Genetic Mutations Essay, Research Paper
A mutation is a change in the genetic material that controls heredity. The genetic material is contained in chromosomes, which are divided into genes. Point mutations involve single genes and occur by substitution and insertion or deletion of a single base in DNA. Insertions or deletions, referred to as frameshift mutations, shift the reading of the code by one or more bases so that all amino acids produced after the addition or deletion are affected. Translation is a series of complex biochemical processes through which the genetic information in mRNA is converted into protein. Mutations do not always yield identical results. In the majority of instances, they are either harmful or have no effect. Although much less common, mutations with little effect can also occur.
Point mutations are divided into two general categories: base-pair substitutions and base-pair insertions or deletions. A base-pair substitution is the replacement of one nucleotide and its partner from the complementary DNA strand with another pair of nucleotides. Certain base-pair substitutions are referred to as silent mutations because they have no effect on the protein coded for. Missense mutations, the most common type of substitution mutation, occur when the altered codons are still able to code for amino acids. Alterations that change an amino acid codon to a stop signal are called nonsense mutations, which almost always lead to nonfunctional proteins.
Insertions and deletions are additions or losses of one or more nucleotide pairs in a gene. These mutations usually have a more disastrous effect than substitutions on the resulting protein. A frameshift mutation occurs whenever the number of nucleotides inserted or deleted is not a multiple of three. All the nucleotides following the deletion or insertion will be improperly grouped into codons. Hence, the decoding of the entire gene sequence will be radically altered and the amino acid sequence of the protein produced will also be very different. Synthesis of the polypeptide chain may even be stopped too early if the shift in the reading of the codons has created a spurious termination signal, or too late if the stop signal is misread. Unless the frameshift is very near the end of the gene, it will produce a protein that is almost certain to be nonfunctional.

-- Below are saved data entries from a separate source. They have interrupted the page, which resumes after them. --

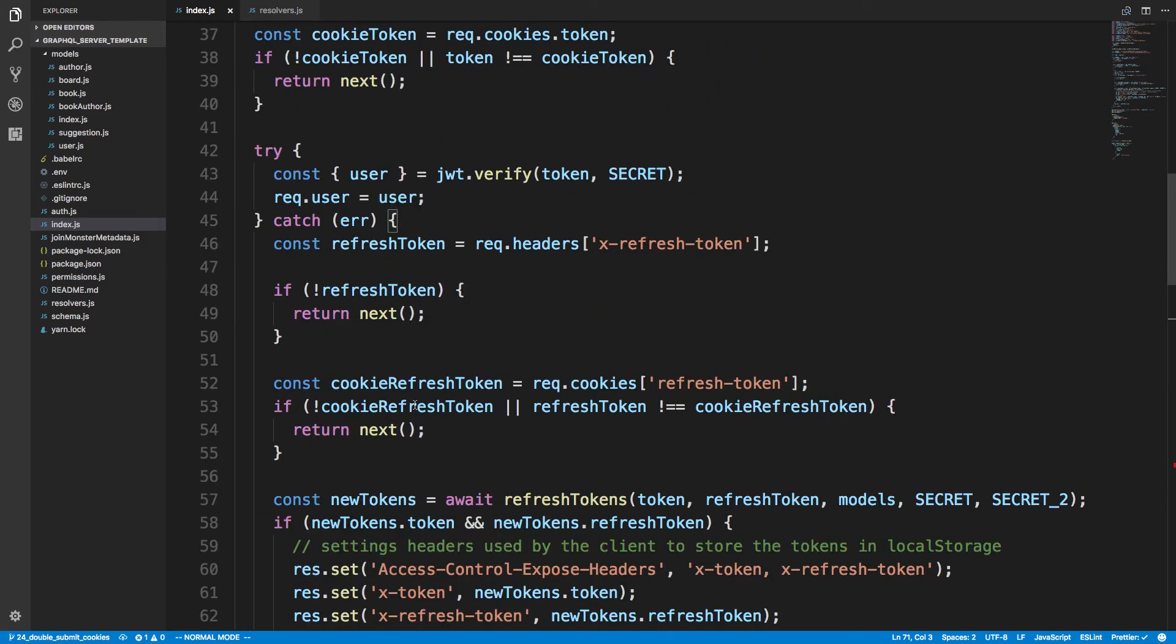So that is how I'm doing double submit cookies. The code is in the description below. I have a link to GitHub where you can check this out for both the front end and back end and see how this is working and try it out if you want to. So thank you guys for watching and let me know if you have any questions in the comments below.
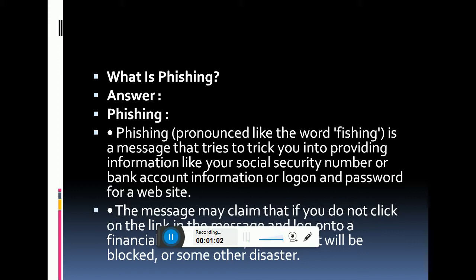If you don't log on to this website, it will block your account or cause some other disaster. Whenever we get that message urging us to click on a link, in my opinion we should not click on that link — that way we will be safe. This is basically related to stealing bank account information and money from our accounts by using our login and password.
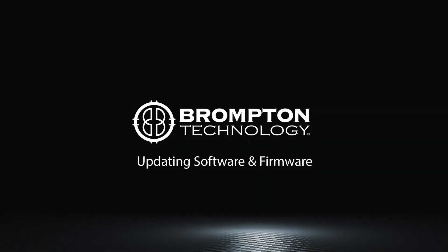There are a number of software and firmware versions in the Tessera system which can be updated. These include processor firmware, panel firmware, and fixture packs. We'll show you how they work and the process for updating each of them in this video.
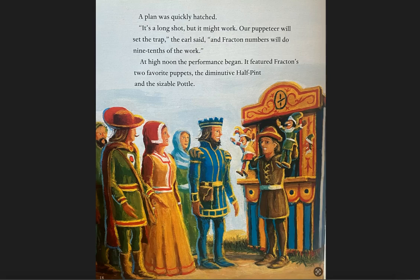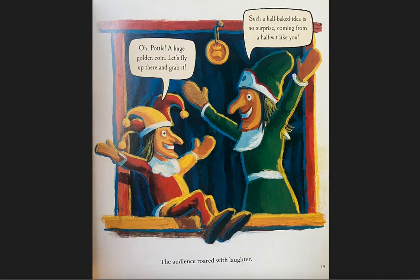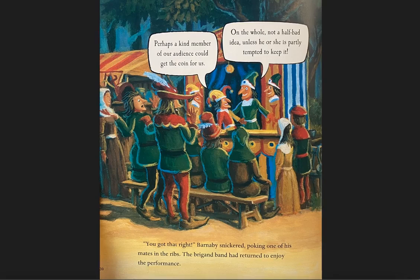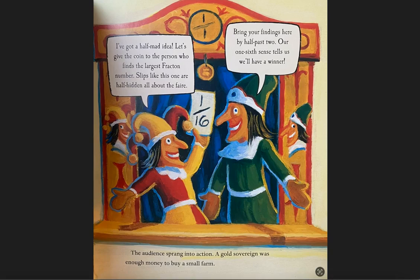At high noon the performance began. It featured Fracton's two favorite puppets, the diminutive Half-Pint and the sizable Pothole. "Oh, Pothole, a huge golden coin! Let's fly up there and grab it." "Such a half-baked idea is no surprise coming from a half-wit like you." The audience roared with laughter. "Perhaps a kind member of our audience could give us the coin. On the whole, not a half-bad idea, unless he or she is partly tempted to keep it." "Let's give the coin to the person who finds the largest Fracton number. Slips like this one are half-hidden all about the fair. Bring your findings here by half-past two. Our one-sixth sense tells us we'll have a winner."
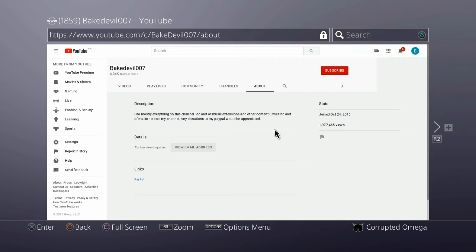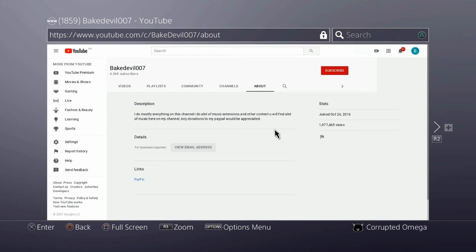So I might stop doing music extensions on this channel for now and I will make music extensions still on other channels because I don't want this channel to become the biggest channel just like that music extender that lost almost 20k uploads.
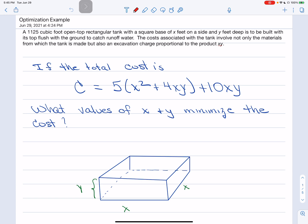In this problem, we're given a 1125 cubic foot open-topped rectangular tank with a square base of X feet on a side and Y feet deep. It's to be built with its top flush with the ground to catch runoff water. The costs involve not only the materials from which the tank is made, but also an excavation charge proportional to the product XY. The cost function is given as C = 5(X² + 4XY + 10XY), and we need to find the values of X and Y that will minimize our costs.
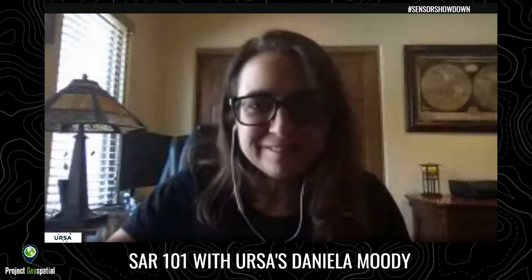Hi everyone. I'm Daniela Moody. I'm Chief Technology Officer at URSA Space Systems. And today, it's my great pleasure to be here with Adam Simmons in Project Geospatial to talk briefly about some of the basics of SAR.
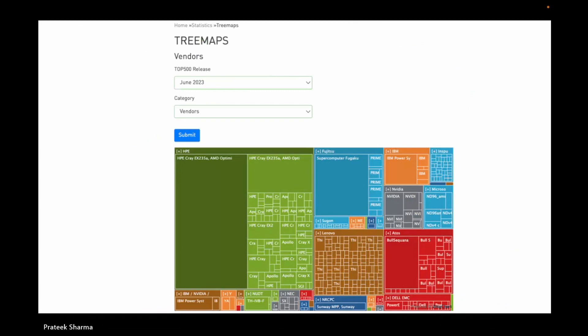There are also tree maps showing vendor distribution as of June 2023. HPE has the biggest cluster — that's Frontier — and there's another large HPE system, plus Fugaku which is Fujitsu. The website also has a sublist generator where you can filter by country or by the green list — which ranks by power efficiency in gigaflops per watt. You should check it out; it's really nice.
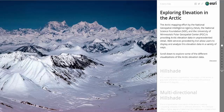The Arctic mapping effort by the National Geospatial Intelligence Agency, the National Science Foundation, and the University of Minnesota's Polar Geospatial Center is providing Arctic elevation data in unprecedented detail. Web services provided by ESRI allow users to display and analyze this elevation data in a variety of ways.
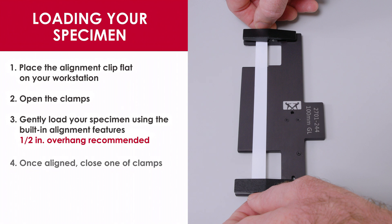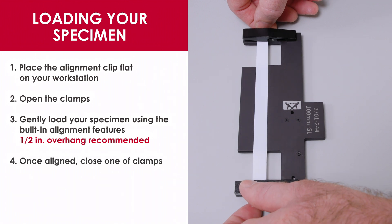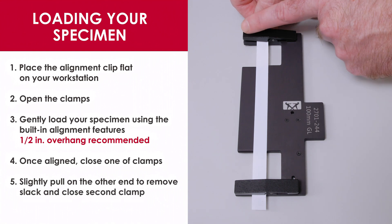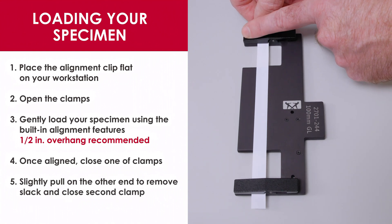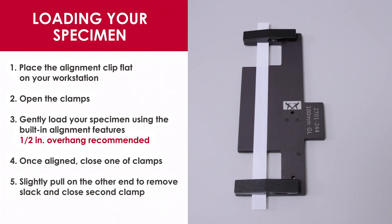Once you have the specimen aligned, close one of the clamps. Slightly pull on the other end to remove any slack, and then close the second clamp.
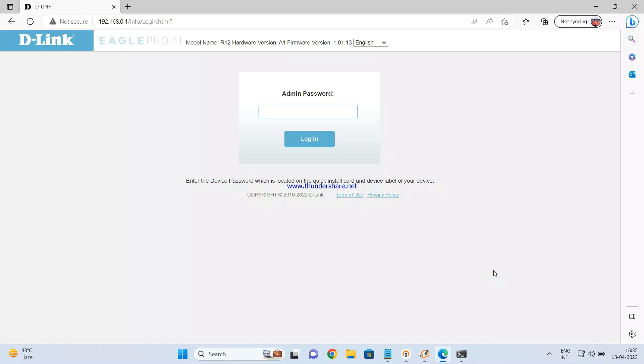Hello friends, today we are going to install the D-Link Eagle Pro AI model R12 router for internet configuration. We'll see how this router is configured using the graphical user interface. There are two methods to configure this router: first is using the web-based configuration, and second is using the Eagle Pro AI application available on the Play Store and iOS platforms.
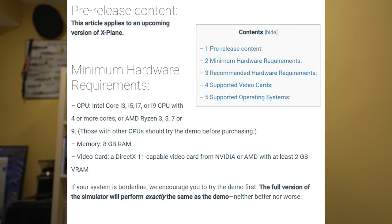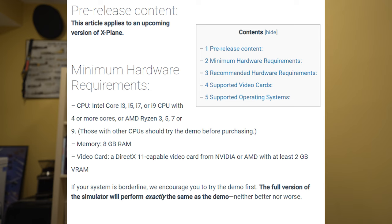Minimum hardware requirements will be an Intel i3, i5, i7, or i9 CPU with four or more cores, or an AMD Ryzen 3, 5, 7, or 9. Those with other CPUs should try the demo before purchasing. Memory: at least 8 gigabytes of RAM. Video card: a DirectX 12 capable video card from NVIDIA or AMD with at least 2 gigabytes of VRAM.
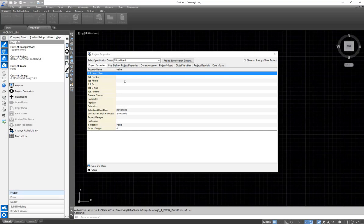Hey guys, it's Timur from Microvillum. In this video I'm going to show you how to draw a back wall of a kitchen along with an island unit.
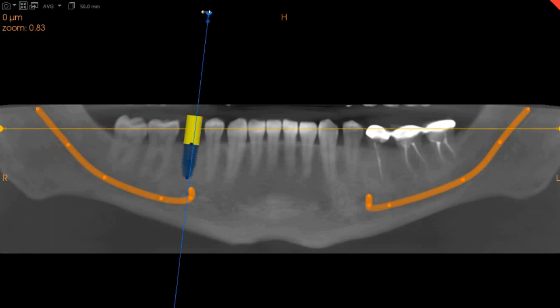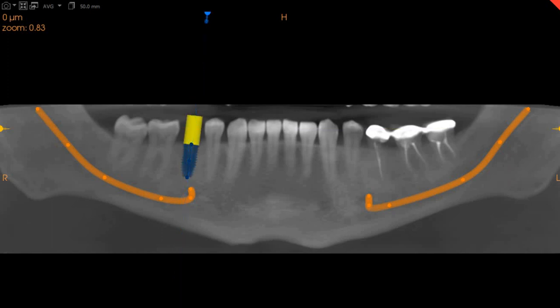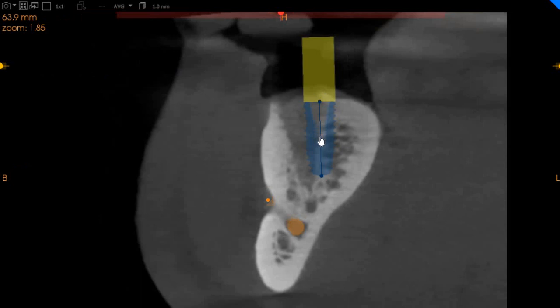But overall, a 5 millimeter implant can easily be placed here with good bone support overall. Thank you very much.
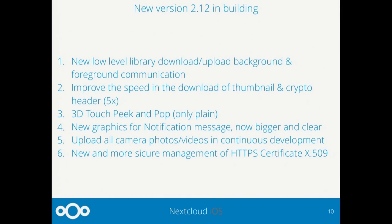These are the features we are developing for the new version, which I think will be available by end of 2016: a new low-level driver for download and upload, shorter time to load photo previews — both plain and encrypted — by 5x to 10x. To improve 3D Touch technology, we have also implemented Peek and Pop. There is also a new notification system, further improvement of the automatic camera upload function for photos and videos, and improved management of the X.509 certificate for HTTPS connections.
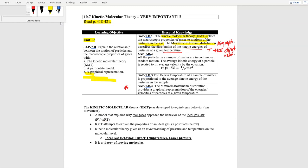If you change temperature you're going to change energy because temperature and kinetic energy have a very direct relationship. Crank up the temperature and the gases go faster; cool the gas down and they go slower. All particles in a sample of matter are in continuous random motion — you can't stop gases from moving unless you reach zero Kelvin. The average kinetic energy of a particle is related to its velocity. Kinetic energy equals one half mv squared.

Translation is the process through which a cell interprets a genetic message and builds a protein accordingly. The message is contained in a series of codons along the transcribed mRNA, which is identical to the complementary DNA strand with the exception that thymine is replaced by uracil. The fact that each type of tRNA molecule associates a particular mRNA codon with a particular amino acid makes this entire process possible. As a tRNA molecule arrives at a ribosome, it bears a specific amino acid at one of its end. A triplet called the anticodon, which binds to a complementary codon on mRNA, is at the other end. The ribosome, with the aid of ribosomal enzymes, will then join the amino acids into a chain. Codon by codon, the genetic message is translated, as tRNAs deposit amino acids in the order prescribed.
Most of the time mutations either have no perceptible effect at all, or are harmful. Coding genes map into proteins using the genetic code. The genetic code is redundant (the technical term is degenerate), i.e., different triplets of nucleotides will produce the same amino acid. Because of the redundancy a point mutation may have no effect at all on the protein being coded for; these are known as silent mutations. For example, if CCG mutated to CCA, the mRNA codon that used to be GGC would become GGU, and a glycine would still be inserted at the proper location in the protein. However, if the sequence is altered in a crucial area such as the active site, protein activity will be significantly altered. In almost all cases, these mutations are harmful, creating a useless or less active protein that impairs cellular function. Proteins also become nonfunctional when frameshift mutations occur, because all following nucleotides are affected.
Almost all mutations that are neither harmful nor silent tend to have relatively minimal effects. This can occur if the mutation is located in a region of the protein where the exact sequence of amino acids is not essential to the protein s function. A second way this can occur is if the new amino acid has properties similar to those of the amino acid it replaces. In most cases, the new protein works in a manner very similar to that of the old protein, i.e., it catalyzes the same reactions. However, in some rare instances, the functional capability of the protein changes; it now catalyzes a different reaction. Whether these mutations are helpful or harmful depends on the environment.
Mutations do not always yield identical results. Under normal circumstances, they are either harmful or have no effect. It is less common for mutations to have little effect. The series of complex biochemical processes through which the genetic information within mRNA is converted into protein is called translation. Point mutations involve single genes and occur by substitution, and insertion or deletion of a single base in DNA. The latter, referred to as frame-shift mutations, shift the reading of the code by one or more bases so that all amino acids produced after the insertion or deletion are affected.